▶ _Your objective_
The copy you give must match the records exactly, except that it holds no images.

▶ _Data for review_
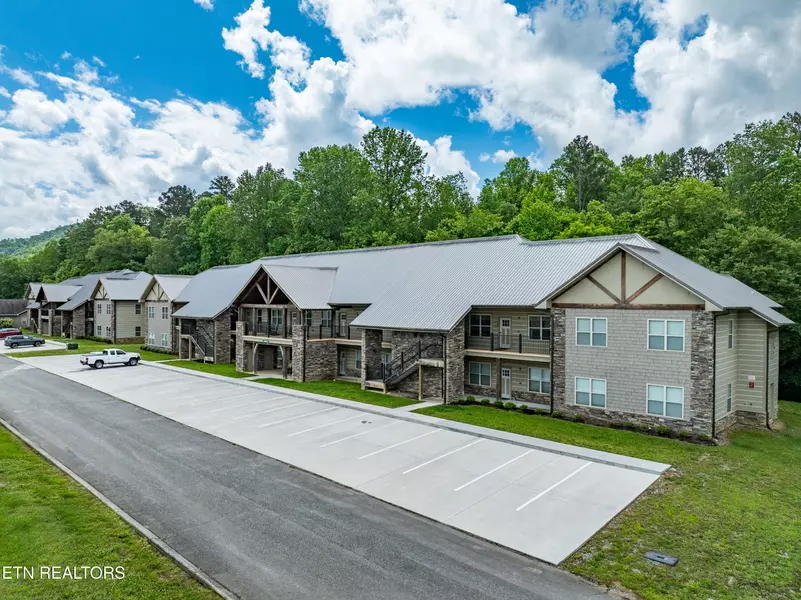 229 Bishops Cap CIR #106, Townsend, TN 37882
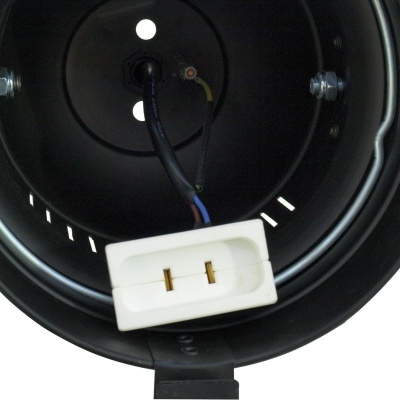 Interior de cilindro metálico preto com ficha elétrica branca e fios no interior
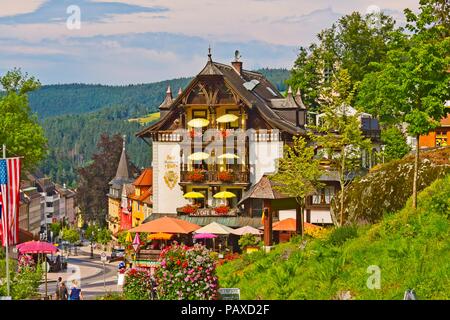 Triberg, Schwarzwald-Baar-Kreis, Deutschland - 16. Juli 2018: Hotel und Restaurant im Herzen des Schwarzwalds in der Nähe der Wasserfälle. Stockfoto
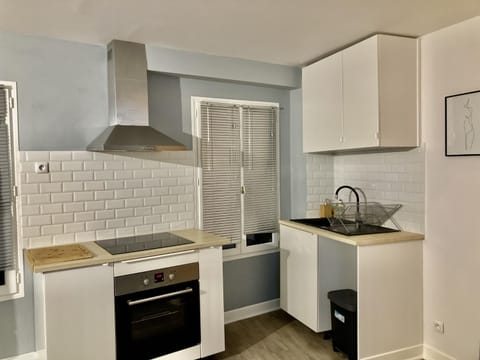 Alex Place's Apartment in Pontoise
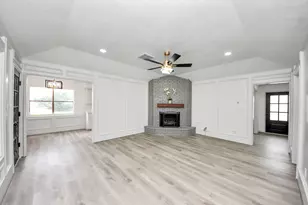 8126 Clover Gardens Dr, Houston, TX 77095 - Photo 12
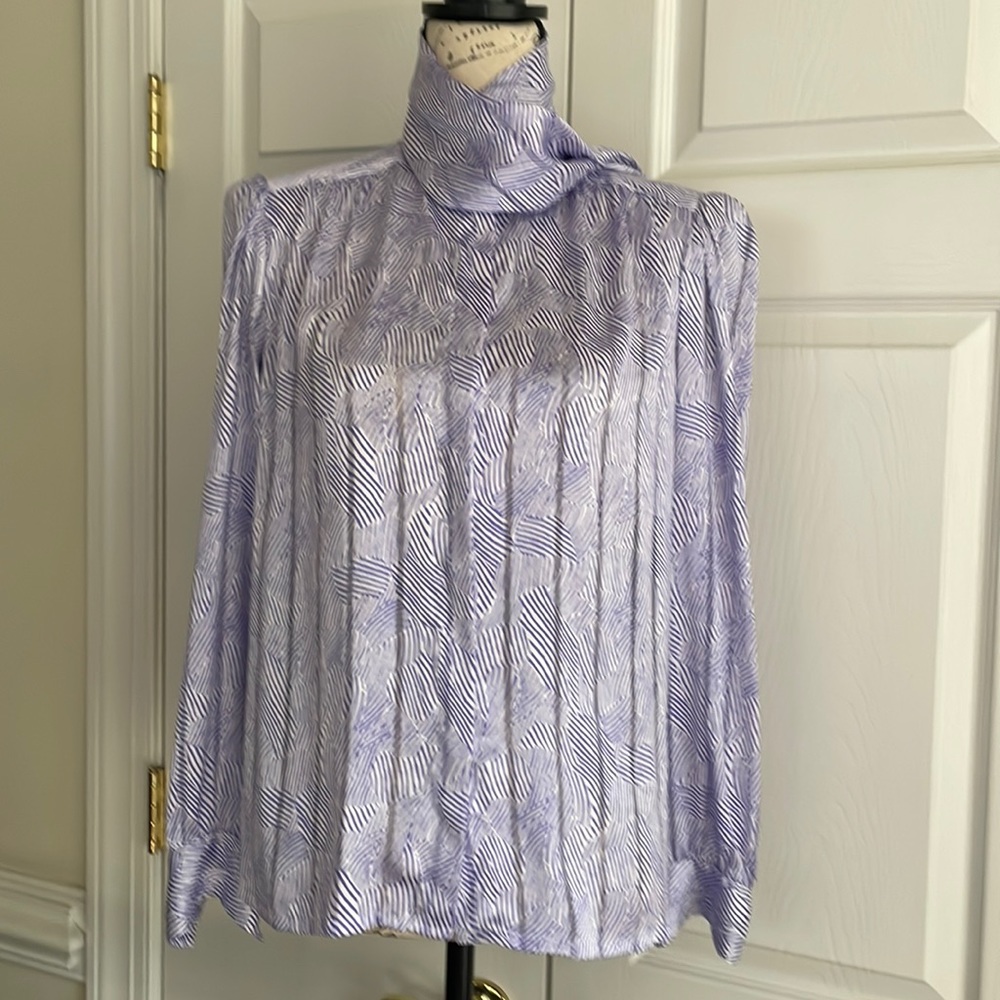 Galinda Wang buttons down shirt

▶ _Your response_
 229 Bishops Cap CIR #106, Townsend, TN 37882
 Interior de cilindro metálico preto com ficha elétrica branca e fios no interior
 Triberg, Schwarzwald-Baar-Kreis, Deutschland - 16. Juli 2018: Hotel und Restaurant im Herzen des Schwarzwalds in der Nähe der Wasserfälle. Stockfoto
 Alex Place's Apartment in Pontoise
 8126 Clover Gardens Dr, Houston, TX 77095 - Photo 12
 Galinda Wang buttons down shirt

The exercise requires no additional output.